Wednesday, January 09, 2008

Feedback & Critique: pete hocking

My friends at Wikipedia tell me “a critique is a systematic inquiry into the conditions and consequences of a concept or set of concepts, and an attempt to understand its limitations.” The definition comes from a cultural studies or philosophical perspective and it’s interesting to me that Wikipedia makes no reference to the use of the word in the arts. In my experience as a visual artist critiques (or “the crit”) have been a central part of my educational process.

You’ll notice that I note they’ve been a central part of my education, but not necessarily a helpful part.

Interestingly, I think the cultural studies definition provides some insight into the ambivalence I feel about this process. The aim of critique is to understand, define and name limitations. In the visual arts critique I’ve found that those offering critique (and those receiving it) often confuse the object with the artist – sometimes with die consequence.

It’s my belief that education should focus on advancing the abilities, knowledge, self-awareness and criticality of the learner. With this in mind, I’ve adapted my own style for offering artist feedback to begin with the intentions of the artist -- and to assess the success of art in relation to the intentions with which they were created. Although it’s sometimes hard to do, I keep in mind that feedback dialogue isn’t a moment for me to relay what I know; rather it’s a moment that an artist might advance his or her work.

One of the interesting dimensions of New Urban Arts is the way that multiple traditions coexist within the flurry of activity. People arrive with their experience and they share it. Sometimes this means reproducing practices that don’t necessarily serve us.
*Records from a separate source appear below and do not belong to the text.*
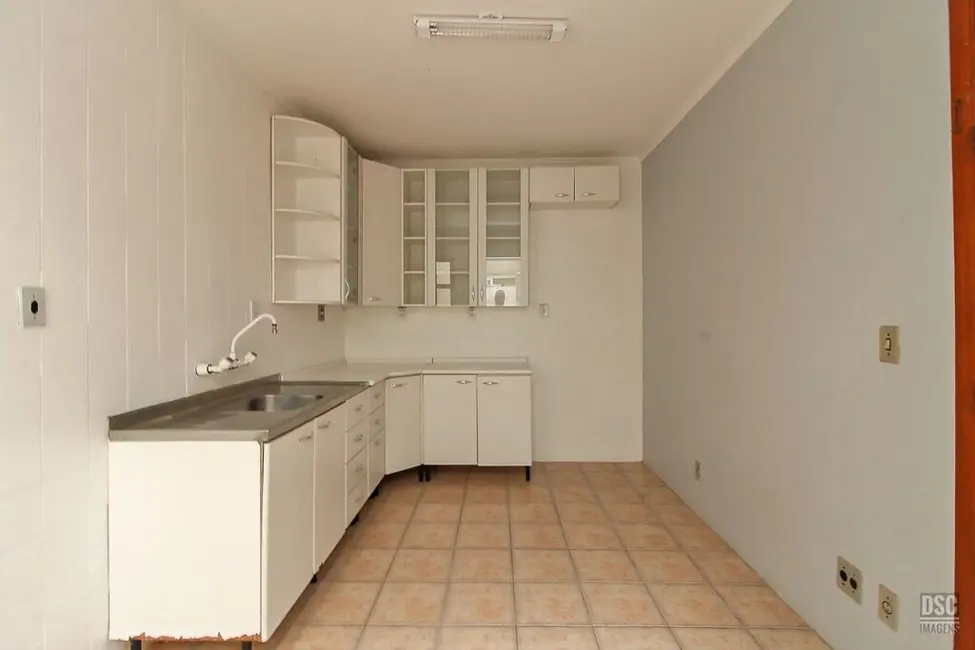 Foto 8 de Casa com 3 quartos à venda, 138m2 em Cristal, Porto Alegre - RS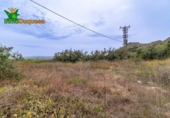 Parcela urbanizable en venta en la España, Albolote, ref: TR367069 foto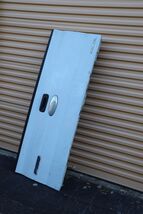 09-14 Ford F150 F-150 TailGate Tail Gate Trunk Lid image 2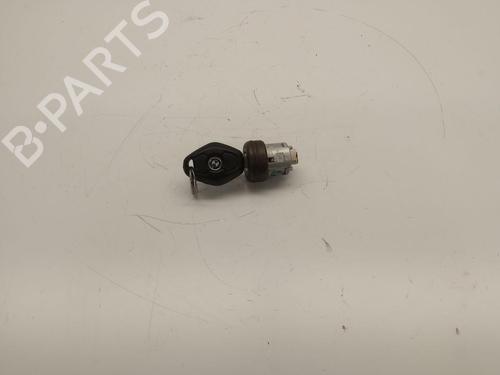 Used Electronic module Electronic module 37817564 37817564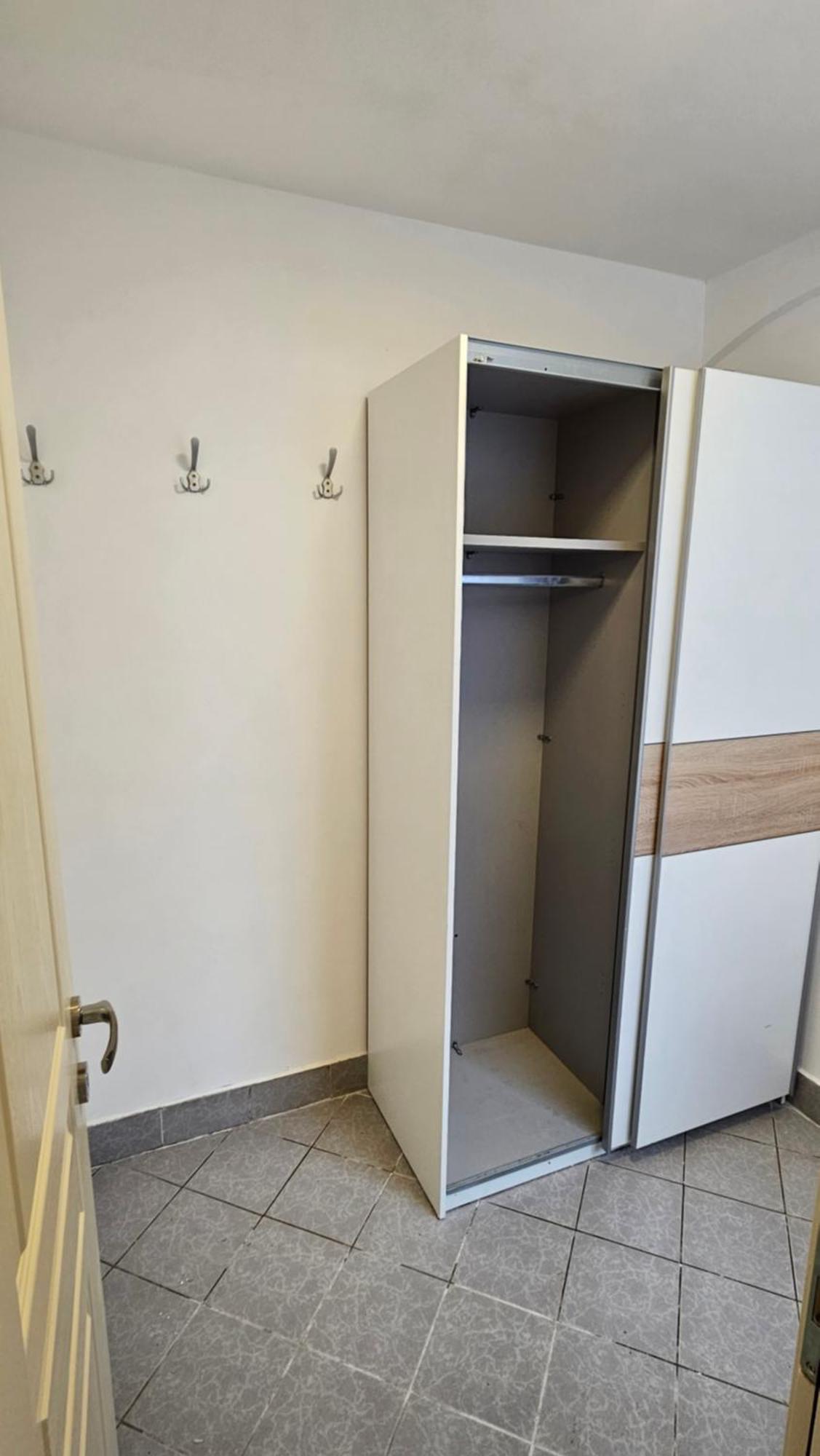 Apartmani Lime Petrovac Exterior photo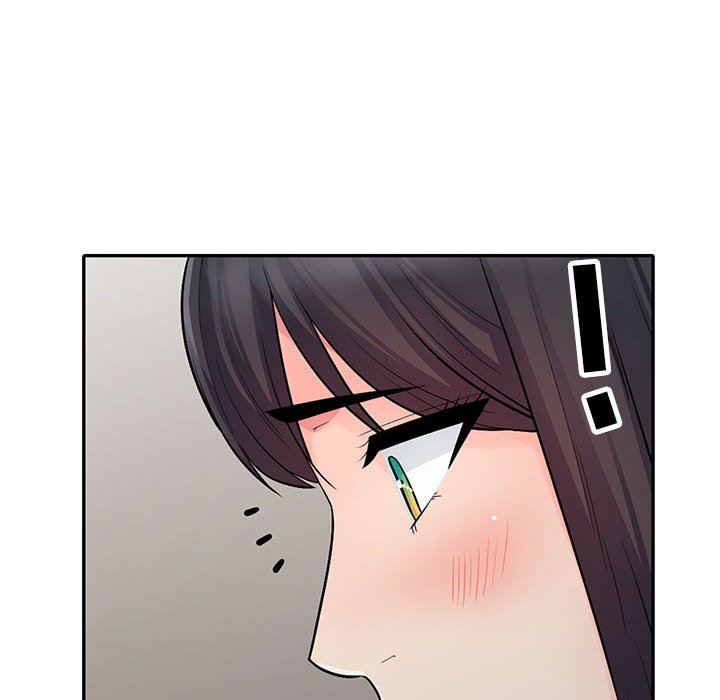 第23话 - 第85.jpg页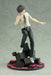 Artfx J Danganronpa 2: Goodbye Despair Hajime Hinata 1/8 Scale Figure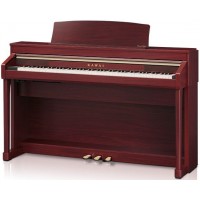 KAWAI CA67M - цифровое пианино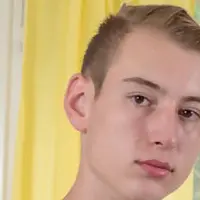 Casper Ivarsson
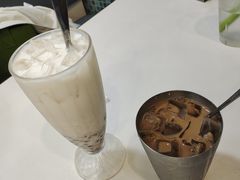 -華歡冰室-WahFoon(吉大店)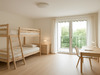 Ma-Cabane - Vente Appartement CRETEIL, 89 m²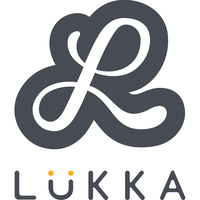 Lukka Art Space logo, Lukka Art Space contact details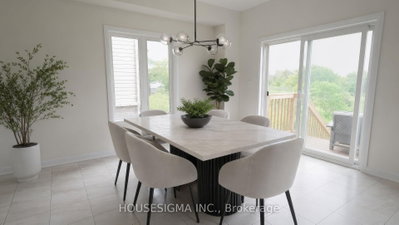 32 Oakmont Drive • Loyalist, ON photo 8
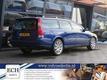 Volvo V70 VERKOCHT -- 2.4T 200pk Ocean Race, DVD Navi, 17inch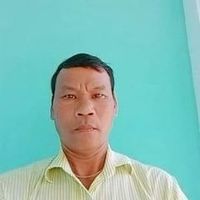 nhạc nền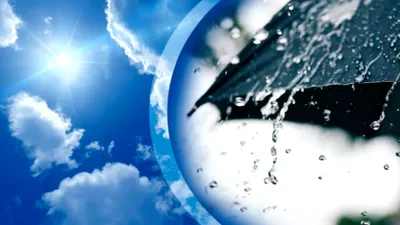 Cu ce temperaturi începe primăvara. Meteorologii ANM vin cu date de ultimă oră pentru Gândul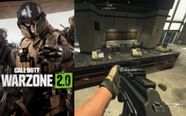 Warzone 2 Pro Reveals The Best Cash Loot Location In Al Mazrah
I’ve seen this with critique.

I’ve been asked to lead a feedback session with artist mentors this afternoon – looking at several pieces from the current gallery show of artist mentor work. In preparing, I’ve pulled out two feedback models that I respect – one from Liz Lerman, that’s primarily been developed within the context of dance performance, and another from my Goddard College colleague, laiwan. They overlap in significant ways and also each provide unique insights. I offer them here:

Liz Lehman's Method of Critical Response
Step 1. Look at the work. What makes you curious? What do you like about the work? Always give positive reinforcement.
Step 2. The artist asks the audience questions. Make sure you do not ask yes or no questions. Ask more open questions.
Step 3. The observer asks the artist neutral questions in order to let the artist see the work in a new way.
Step 4. Opinion statement. Ask the artist, "I have an opinion, do you want to hear it?"
Step 5. Ask the artist what will they be working on in the future.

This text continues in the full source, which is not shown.